The response to the proposal was mixed among the insurers on the CIC panel. Chris Evans of State Farm said as improved data helps the company make its program more performance-based than “relationship-based,” it becomes more difficult for a “rogue manager” to make decisions about a shop’s participation in the program for other reasons.

            Randy Hanson, manager of Allstate’s PRO program, said that “if the structure creates a situation where there could be abuses, we’d want to look at the structure.” Hanson said Allstate redesigned its program about five years ago so that its reinspectors going into shops don’t make decisions about which shops participate in PRO. But Michael Lloyd of California Casualty dismissed the proposal.
 
            “I believe this isn’t going to be popular, but my opinion is that it is our business and I don’t think we should be dictated to as to how we should operate,” he said.
 
            Dan Risley, executive director of the Society of Collision Repair Specialists, said several of the proposed reforms that would make shop selection criteria and program guidelines more publicly available would eliminate some of the most common complaints he hears about DRPs from shops. Too often, he said, shops don’t know if the “moving target” DRP shops are given by the insurer are national mandates from the company or just the “flavor of the day” for a local or regional manager.
 
            Almost all of the panelists had some concern with a proposed reform that any “increase in volume of referrals (to a shop) be based on performance.” All agreed customer choice of shop needs to be honored.
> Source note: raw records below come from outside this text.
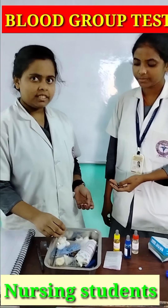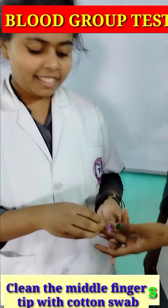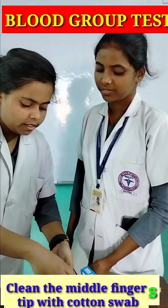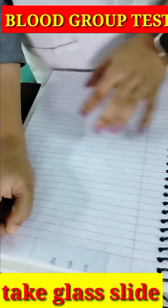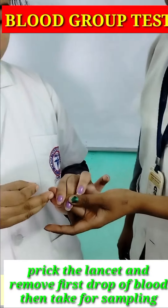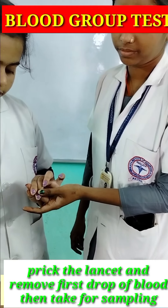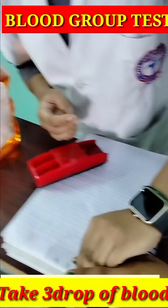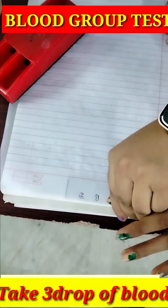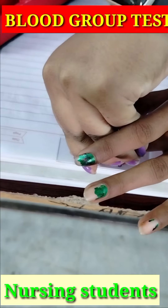So today we are showing you blood grouping. I am going to show you my batch mates.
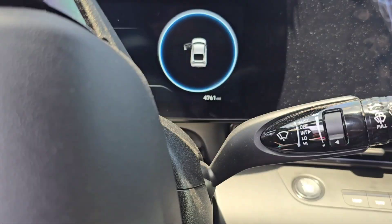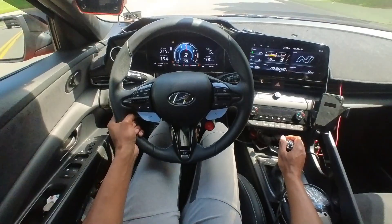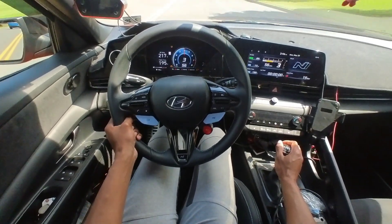This car still has 4,700 miles. A Stage 1 tune is only for those people who just want a little extra power and don't want to worry about octane learning any longer — you want to be ripping like this, hold it there, and go.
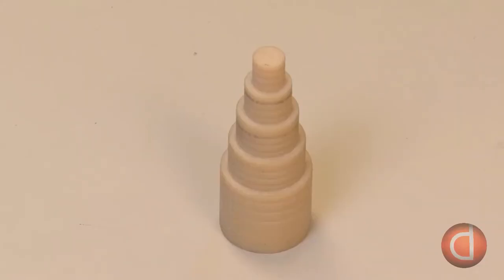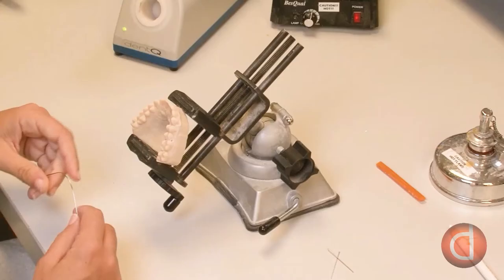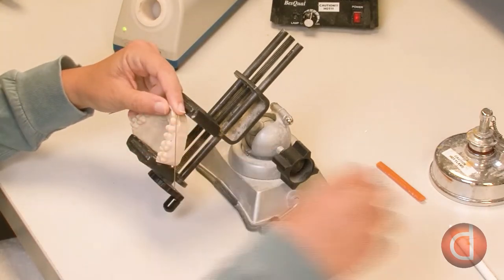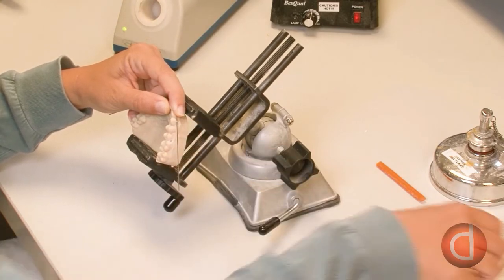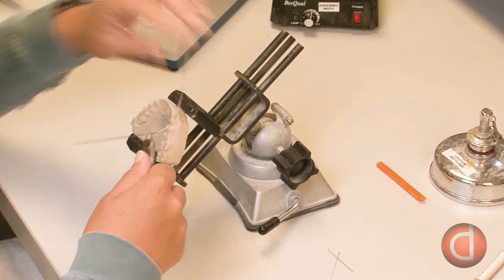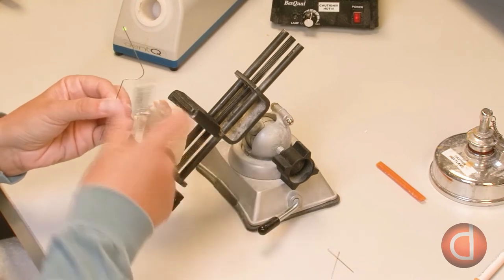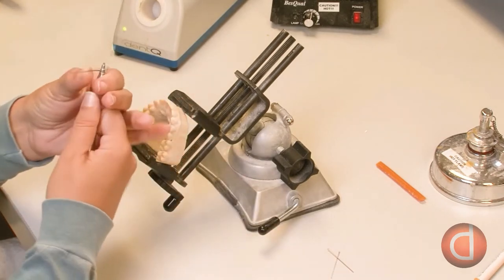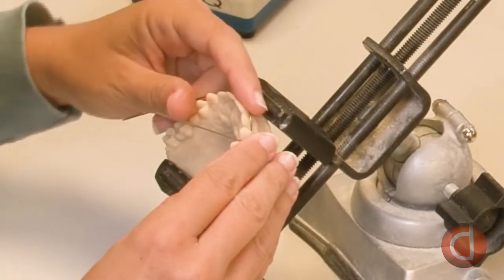Starting with a tool called a turret, the technician bends a piece of stainless steel wire around the turret to create an arch form. The technician places the arch form, known as the labial bow, over the front of the model and marks where she is going to make an adjustment loop. Using single beak pliers, she clamps the wire where the mark was made and makes a 90-degree bend, then uses a loop forming plier to form the rest of the adjustment loop.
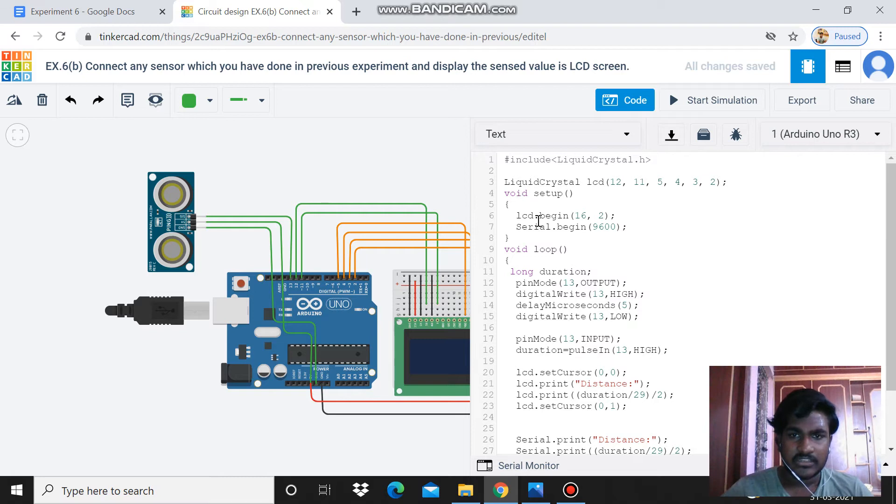In the setup function, I have written two setups. First, for the LCD: LCD.begin(16, 2) — that is 16 columns and 2 rows. Then Serial.begin(9600) to also display output in the serial monitor.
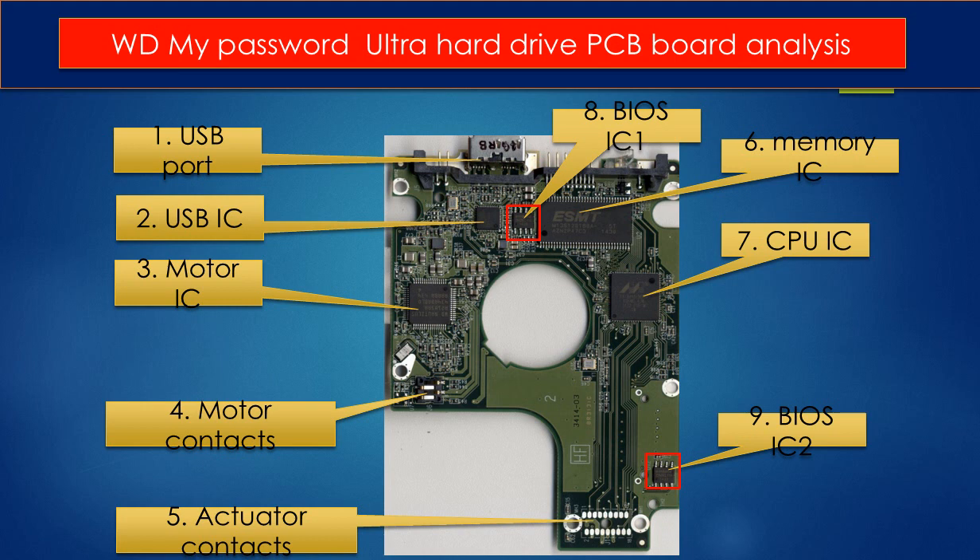Nine: BIOS IC2. This is another BIOS IC on the PCB board. This data is unique. When you do a hard drive swap, you have to transfer these two BIOS ICs from the original board to another donor board. The rest of this video is going to talk about it in detail.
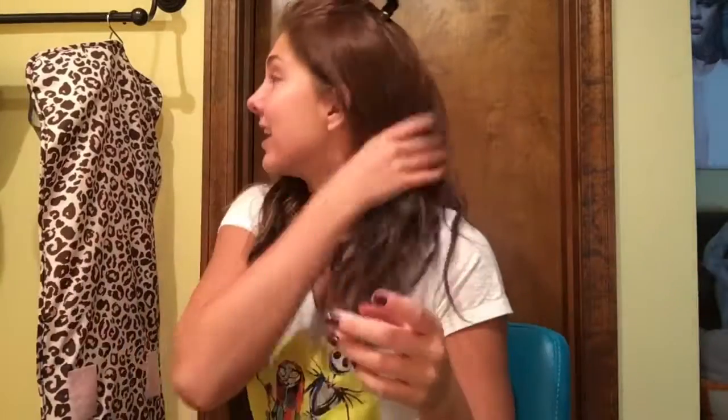I'm definitely gonna go get that redone, even though I just got it done like a month ago and it's already fading. It's supposed to be a plum color, kind of like red and purple. They dyed my extensions too — which are Foxy Locks, by the way — and they do not match anymore, which means my hair is fading.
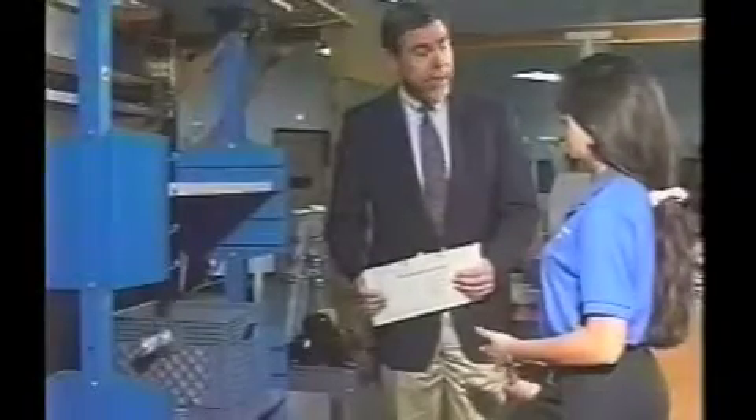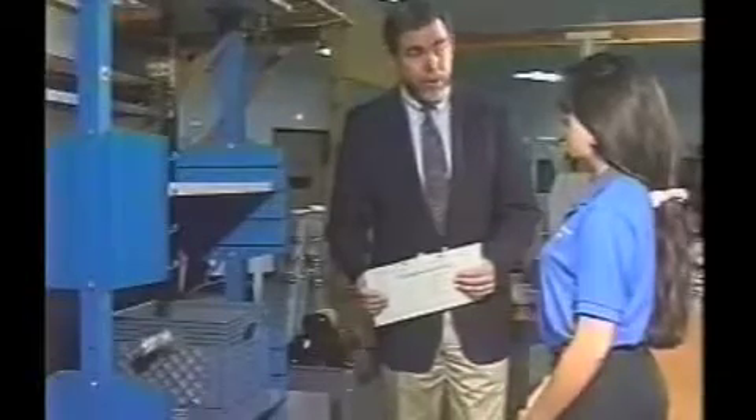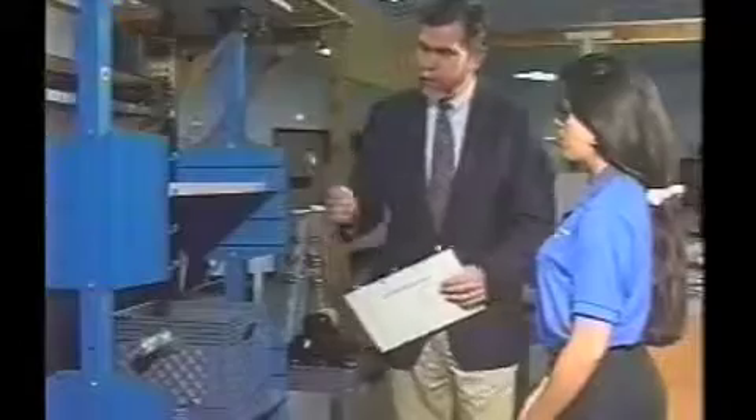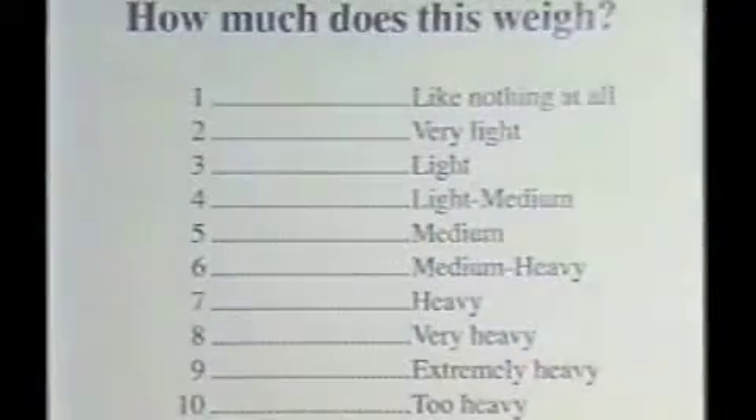Margaret, now we're going to find out how much weight you can lift on a safe and dependable basis, just like you would at work. We're going to start off with having you lift this crate from this shelf to this shelf and back down again. After you've done that, I'm going to ask you to tell me how much it weighs by using this 10-point scale — just select a number that corresponds to your own feeling of how much that weighs, and I'm going to make a note of that.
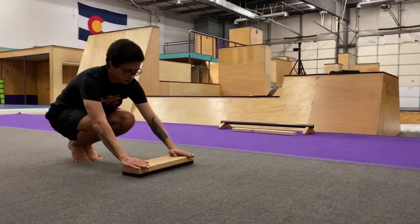All right, hopefully we are all nice and warmed up. So today, we're gonna be progressing towards our step vault. We're gonna start with a super easy drill — our step vault flosses.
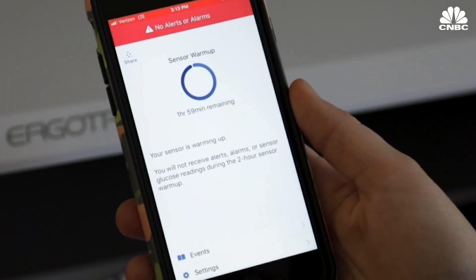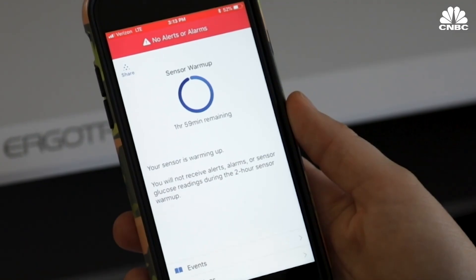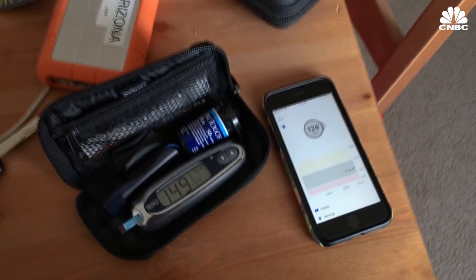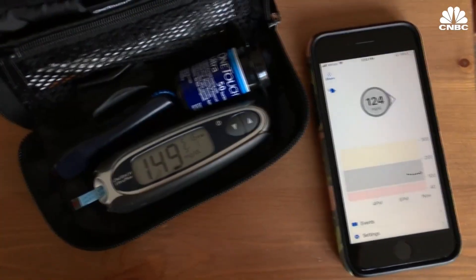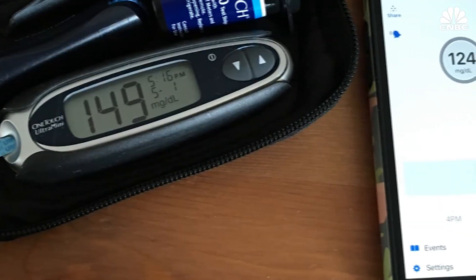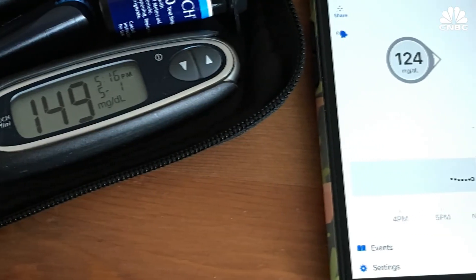The G6 app immediately identifies the sensor and starts its two-hour warm-up. After two hours, the G6 said my blood sugar was 124. But my meter was showing me as 149, so right off the bat it was 25 numbers off.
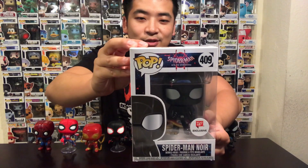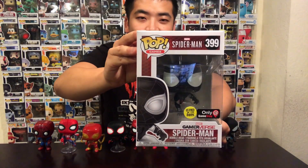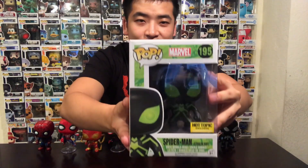Before number 1, some honorable mentions that didn't make the list — only because I just didn't feel like I liked them as much as the top nine. We have Spider-Man Noir from a different universe in Spider-Verse, the GameStop exclusive Spider-Man the game which is glow in the dark, the Superior Spider-Man with his arms which is the Walgreens exclusive, the Spider-Man stealth suit from Hot Topic, and the Spider-Man big time suit. I do have many other different Spider-Man Funko Pops — these are just my top nine and the honorable mentions that almost made the list.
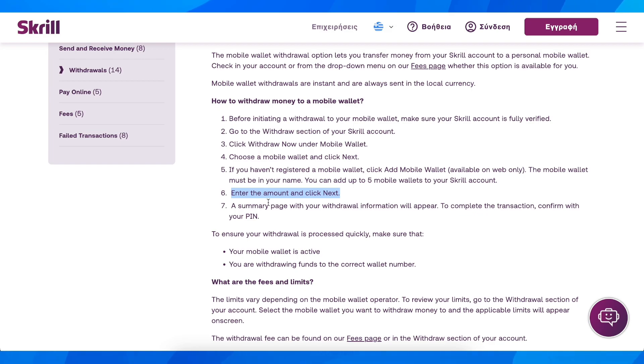The last step is to simply confirm the transaction by entering your Skrill account pin code, and that's it.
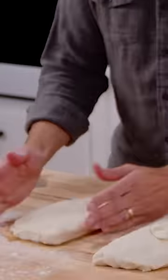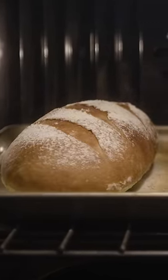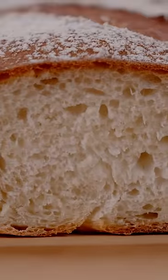For literally less than an afternoon's worth of work, we've got a delicious, beautiful loaf of bread. Love the color, love the flavor. It's easy, it's approachable. If you haven't made bread before, try this out. It's the easiest loaf of bread you'll ever make.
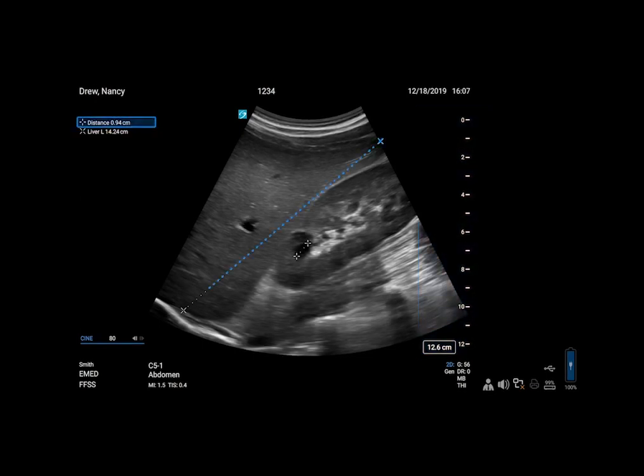The clinical monitor displays your image, depth markers, calculations, and measurements. It also shows patient and clinician information, as well as study details and the system status icons.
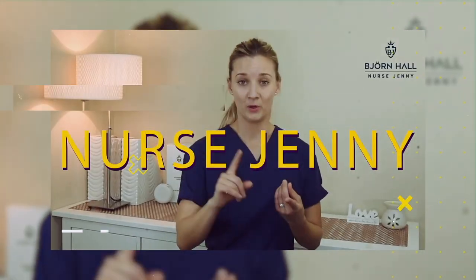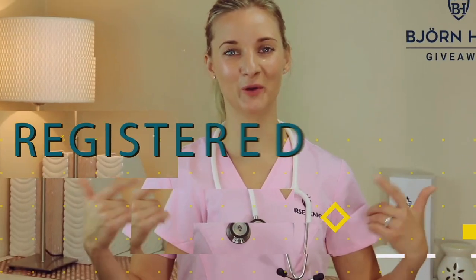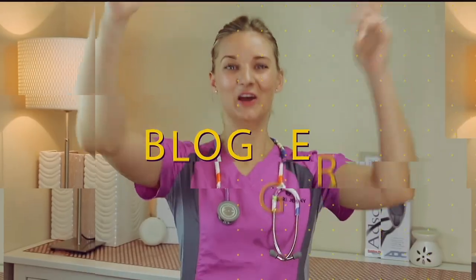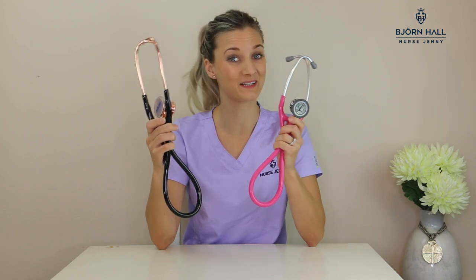MDF Classic Cardiology versus the Littmann Cardiology IV. These are two very popular cardiology stethoscopes. I'm going to break down their features so that you know what makes them different.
Risley said participation in the program – not necessarily referrals – should be based on performance. And panelist Gary Wano of G.W. & Son Auto Body in Oklahoma City, Okla., questioned how an insurer knows the best performers in a market if the performance of shops not on that insurer’s program isn’t being tracked.
 

Repair standards by SAE?

After compiling what it sees as the various existing elements of “repair standards” in the industry, the CIC Repair Standards Committee is considering contacting SAE International (formerly the Society of Automotive Engineers) for assistance in creating a formal set of standards.
 
 “CIC is not a standards-setting body, but SAE is very well known as a group that does establish standards,” committee chairman Tony Molla said. “Engaging an organization like SAE would bring a level of credibility to this process.”
 
The idea was brought to CIC by Jeff Patti of Amica Insurance. He said he believes the Uniform Procedures for Collision Repair (UPCR) developed but largely shelved by I-CAR in the late 1990s could serve as the basis for SAE-developed repair standards.
 
 “Hopefully we can put something together in the next couple years that will minimize the amount of friction between insurance carriers and collision repairers,” Patti said.
 
Although a decision as to whether the CIC committee continues – and who will chair it – would traditionally not be made until CIC holds its biennial planning session under a new chairman in January, it appeared at the July meeting that Patti had been selected by outgoing CIC Chair Stacy Bartnik to lead the repair standards effort. Several committee members said that while they support forward movement on the development of standards, they felt some of the apparent decisions about committee leadership and direction were made in an “unprecedented” way.
 
 But those decisions aside, Doug Craig, collision repair manager for Chrysler and chairman of the SAE Collision Repair Subcommittee, said the announcement at CIC was the first he’d heard of an interest in approaching SAE, and he expressed doubt that repair standards were a project SAE would take on.
 
 “One of the problems with my committee is trying to get repair procedures out of the OEMs,” Craig said. “Understand the OEMs are concerned about liability.”
 

Other news at CIC

In other news and discussion at CIC in Scottsdale:

 – The CIC Education and Training Committee said that information and links to about 30 shop management and technical training providers can be found on its new website (www.Education1Stop.com).
 
 – The Repairer-Insurer Relations Task Force received approval for its two-page best practices guidelines outlining “in general terms, what can be expected of the collision repair process, from the time the incident occurs to the complete and safe repair of the vehicle, through vehicle delivery to the consumer and closure of file.” The document is available at CIC’s website (www.CIClink.com).
- As part of his regular technical presentation during CIC, Toby Chess worked with State Farm and local firefighters to arrange for a demonstration of rescue extraction procedures outside the CIC meeting room during the meeting.
 
 - A moment of silence was held in honor of Sal Donzella, a former New York shop owner and industry activist, who died July 18 at age 80. Donzella was well-known for his frequent articles in the industry trade press; for his work on behalf of the Westchester-Putnam-Rockland Autobody Association in New York; and for his dogged efforts – including at CIC – to have improvements made in the estimating databases and systems used in the industry.
 
- Russell Thrall III, publisher of CollisionWeek and interim associate director of the I-CAR Education Foundation, was named chairman of the Collision Industry Conference (CIC) for 2009. Thrall, who was selected by the past chairs of CIC, succeeds Stacy Bartnik of CARSTAR who has led CIC in 2007 and 2008. She will chair her final CIC meeting on November 4 in Las Vegas, and Thrall will lead CIC’s first meeting of 2009, being held January 14-16 back in Scottsdale, Ariz. 
 
            John Yoswick, a freelance writer based in Portland, Oregon, who has been writing about the automotive industry since 1988, is also the editor of the weekly CRASH Network (www.CrashNetwork.com). He can be contacted by email at jyoswick@SpiritOne.com.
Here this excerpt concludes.